APOSTILLAS PARA UN DOCTOR

  Normalmente las veces que he escrito no me ha sido concedida esa suerte de dirigirme a mi personaje porque nos ha distanciado muchas cosas entre ellas la propia muerte. Ahora en cambio hay solo un me gusta y un par de clic de cierta red social entre ambos. Curiosamente doctor, se puede medir en unos cuantos metros la distancia de su puerta a la mía pero hasta que descubrí el modo apoteósico en que lo recibieron nuestros vecinos cuando le dieron el alta no sabía de su existencia. Y sí, estamos cerca pero lo cierto es que mientras esta pandemia nos ha abierto sus fauces y yo he permanecido confinado en la seguridad de mis cuatro paredes, la vocación de médico suya lo ha llevado a ese inhóspito lugar de donde solo se regresa con honor.

Con honor y entre globos amarillos agitados al viento.
Desde esta cercanía que solo es digital y geográfica yo lo saludo emocionado doctor Carlos Sandoval* sabiendo lo mucho que en verdad estoy alejado en verdad de usted, que usted es a quien le alcanza el sacrificio y la gloria y yo solo apenas lo documento.

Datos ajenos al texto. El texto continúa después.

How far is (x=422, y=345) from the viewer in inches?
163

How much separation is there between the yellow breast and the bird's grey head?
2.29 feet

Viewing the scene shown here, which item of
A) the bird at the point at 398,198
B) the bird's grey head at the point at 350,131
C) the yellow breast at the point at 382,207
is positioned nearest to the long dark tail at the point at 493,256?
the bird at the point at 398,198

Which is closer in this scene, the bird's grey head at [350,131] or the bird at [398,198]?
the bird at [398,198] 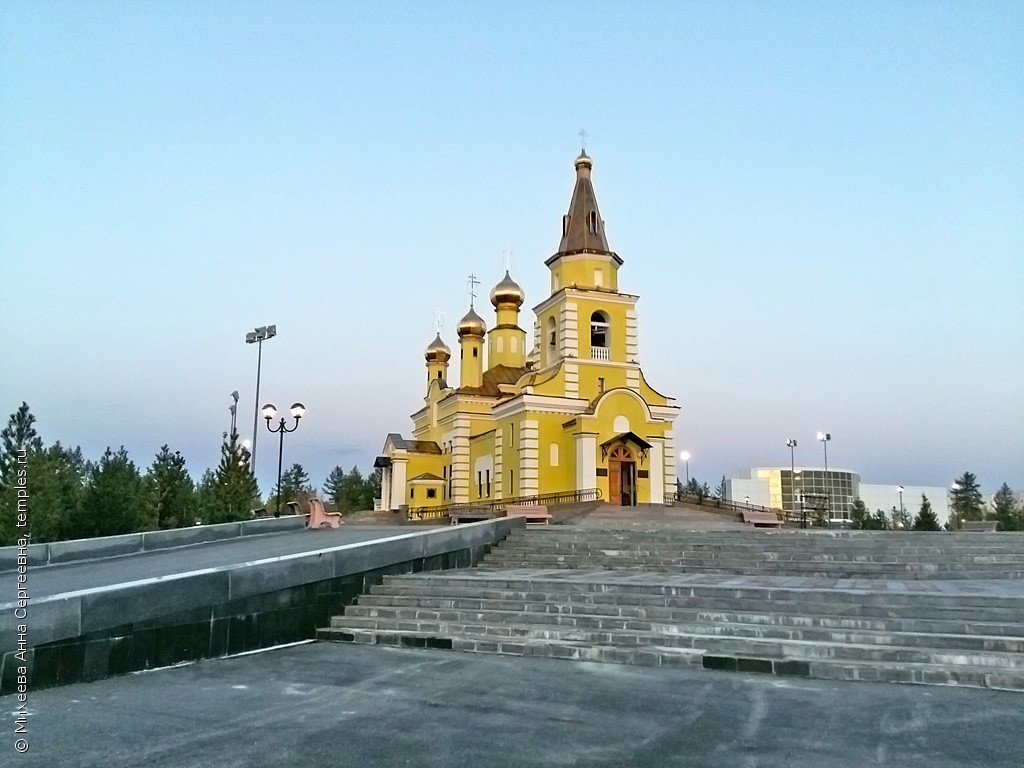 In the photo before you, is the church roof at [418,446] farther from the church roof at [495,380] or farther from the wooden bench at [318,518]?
the wooden bench at [318,518]

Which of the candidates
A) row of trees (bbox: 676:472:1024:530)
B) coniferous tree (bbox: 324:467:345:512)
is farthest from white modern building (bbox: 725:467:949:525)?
coniferous tree (bbox: 324:467:345:512)

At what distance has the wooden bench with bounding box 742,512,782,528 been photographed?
24.6 metres

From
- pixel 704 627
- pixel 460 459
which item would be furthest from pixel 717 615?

Antes que las mascarillas y la distancia social fueran la convivencia de estos días, sospecho que el barrio que compartimos debió habernos hecho coincidir en nuestros pasos. Tal vez en la cola para comprar el pan usted fue aquel a quien miraba con impaciencia por arrebatarme unos segundos del reloj en una mañana apremiante. O quizá fui yo quien lo sobresalté detrás del hombro cuando a punto de ingresar a su casa se hizo la pregunta que la inseguridad ciudadana fuerza a que nos la planteemos al ver de cerca a un desconocido.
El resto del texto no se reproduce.